Fig. 10.—Plan IV. A learning period with reviews of decreasing length at increasing intervals.

SAMPLE DISTRIBUTIONS

Let us rather examine some actual cases of distribution of practice found in school work and consider, not the attainment of the best possible distribution, but simply the avoidance of gross blunders and the attainment of reasonable, defensible procedures in this regard.
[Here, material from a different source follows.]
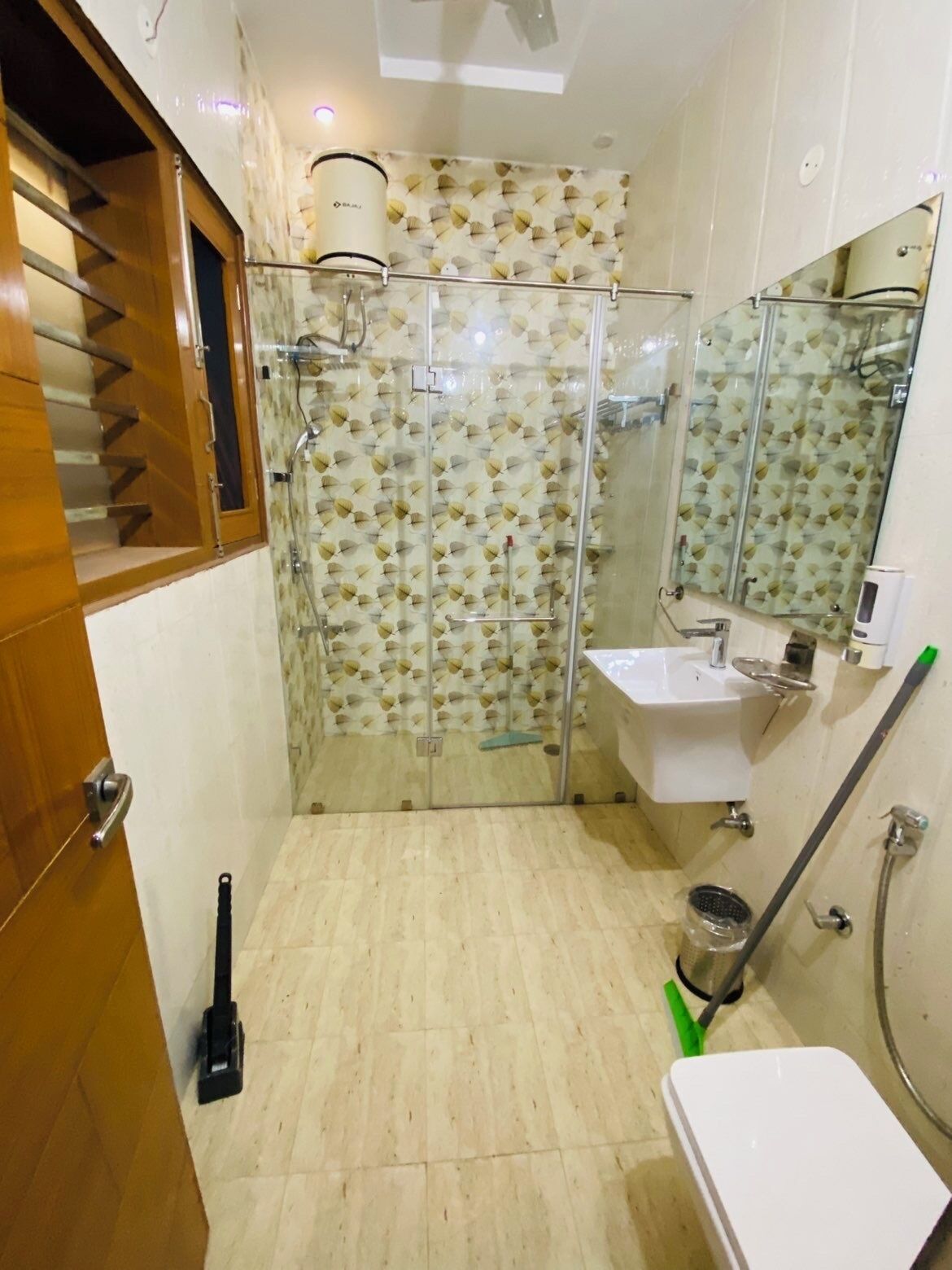 Jetted bath, hair dryer, bidet, towels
Figures 11 to 18 show the distribution of examples in multiplication with multipliers of various sorts. X stands for any digit except zero. O stands for 0. XXO thus means a multiplier like 350 or 270 or 160; XOX means multipliers like 407, 905, or 206; XX means multipliers like 25, 17, 38. Each of these diagrams covers approximately 3½ years of school work, or from about the middle of grade 3 to the end of grade 6. They are made from counts of four textbooks (A, B, C, and D), the count being taken for each successive 8 pages.[10] Each tenth of an inch along the base line equals 8 pages of the text in question. Each .01 sq. in. equals one example. The books, it will be observed, differ in the amount of practice given, as well as in the way in which it is distributed.
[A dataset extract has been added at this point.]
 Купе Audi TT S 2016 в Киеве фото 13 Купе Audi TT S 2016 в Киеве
Fig. 11.—Distribution of practise with multipliers of the XX type in the first two books of the three-book text A.

Fig. 12.—Same as Fig. 11, but for text B. Following this period come certain pages of computation to be used by the teacher at her discretion, containing 24 XX multiplications.

These distributions are worthy of careful study; we shall note only a few salient facts about them here. Of the distributions of multiplications with multipliers of the XX type, that of book D (Fig. 14) is perhaps the best. A (Fig. 11) has too much of the practice too late; B (Fig. 12) gives too little practice in the first learning; C (Fig. 13) gives too much in the first learning and in grade 6. Among the distributions of multiplication with multipliers of the XOX type, that of book D (Fig. 18) is again probably the best. A, B, and C (Figs. 15, 16, and 17) have too much practice early and too long intervals between reviews. Book C (Fig. 17) by a careless oversight has one case of this very difficult process, without any explanation, weeks before the process is taught!